Stored records
● ● ● ●

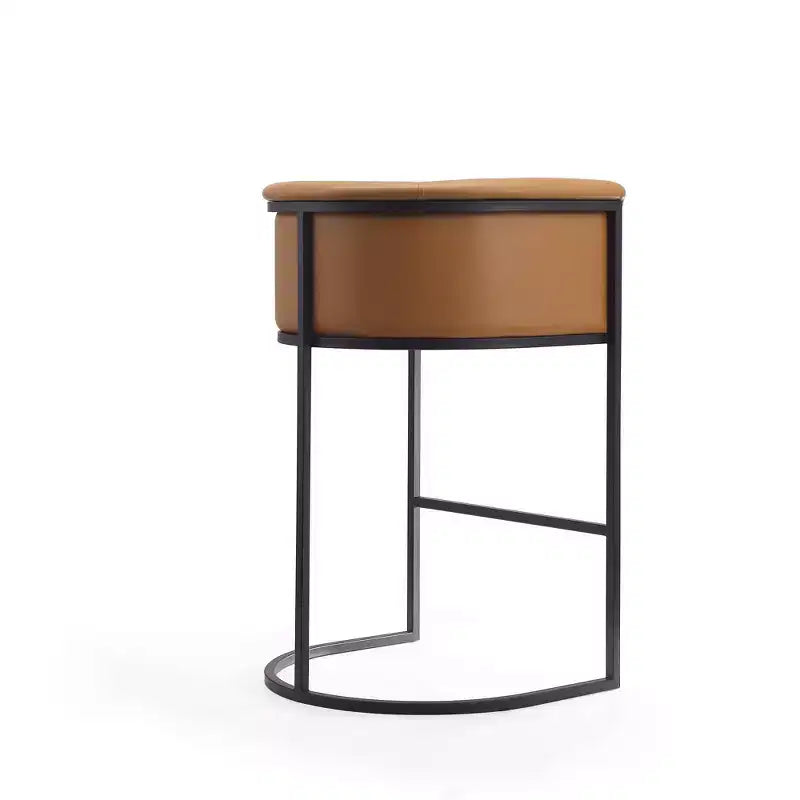 Tabouret de bar Cosmopolitan en métal rembourré - Manhattan Comfort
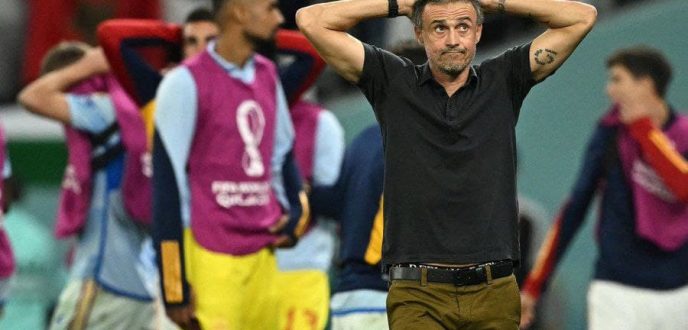 الاتحاد الإسباني يعاقب “لويس إنريكي” بعد الإقصاء أمام “أسود الأطلس”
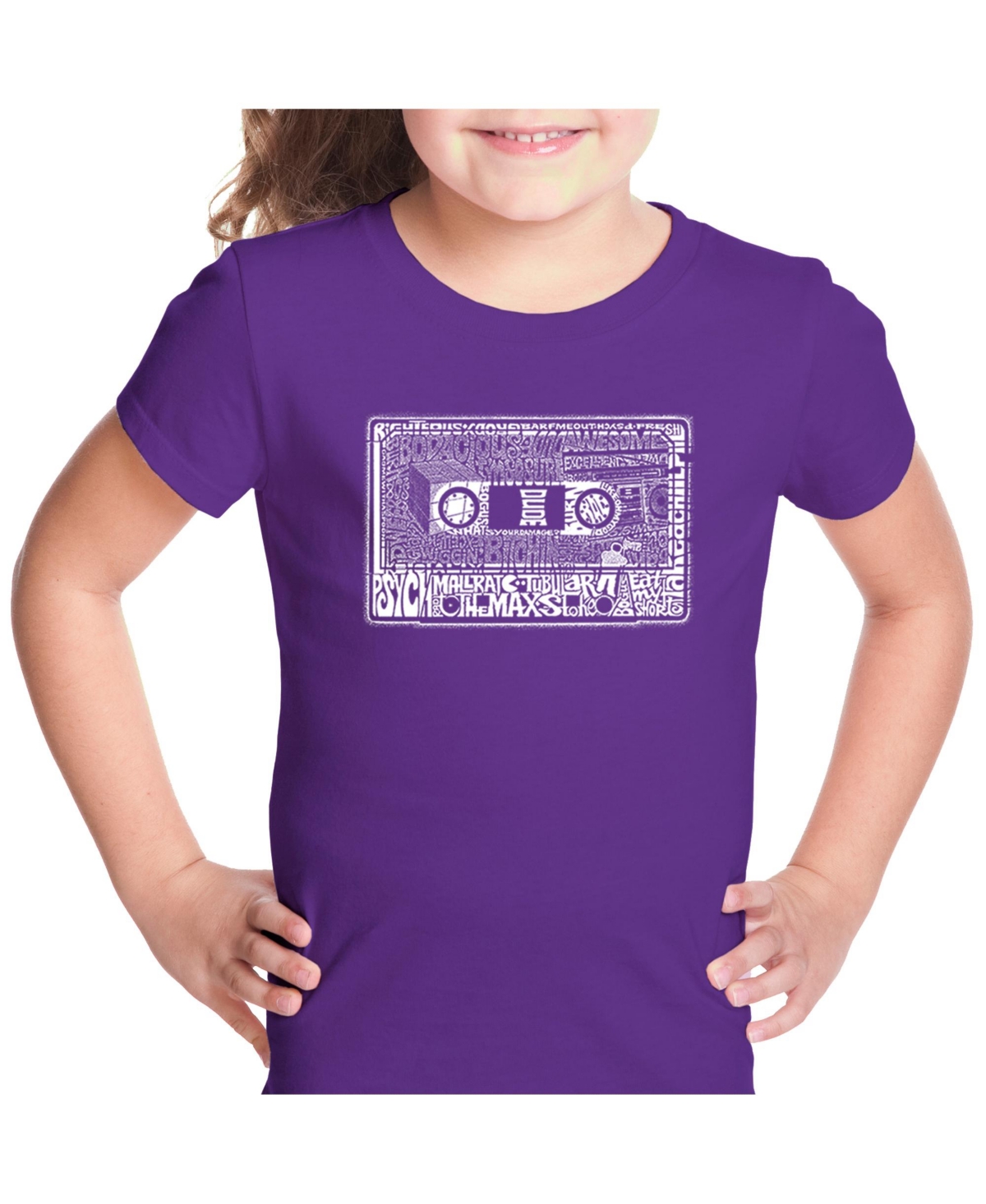 Girl's Word Art T-shirt - The 80's
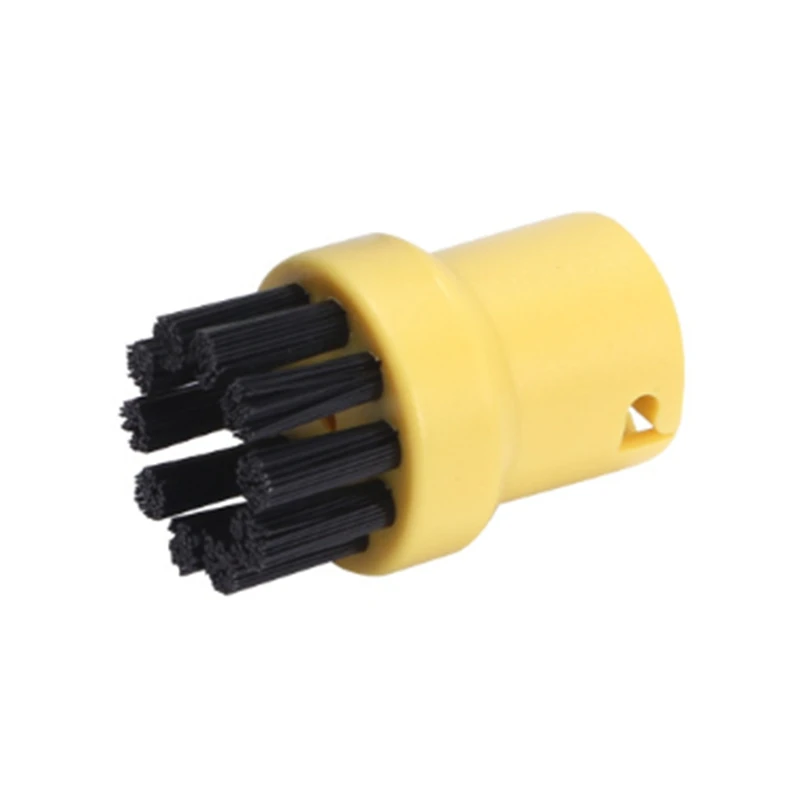 Window Nozzle Scraper Round Brush for Karcher SC1 SC2 SC3 SC4 SC5 for Steam Cleaner 2.863-025.0 Sweeper Brushes Yellow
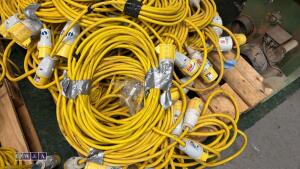 Pallet of 110v extension leads - 2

● ● ● ●

## Aim of the task
Please transcribe, with no additions, the lines starting at the one that contains "الاتحاد الإسباني يعاقب" and running through the last line of the entries, inclusive. Leave the pictures out.

## Answer space
 الاتحاد الإسباني يعاقب “لويس إنريكي” بعد الإقصاء أمام “أسود الأطلس”
 Girl's Word Art T-shirt - The 80's
 Window Nozzle Scraper Round Brush for Karcher SC1 SC2 SC3 SC4 SC5 for Steam Cleaner 2.863-025.0 Sweeper Brushes Yellow
 Pallet of 110v extension leads - 2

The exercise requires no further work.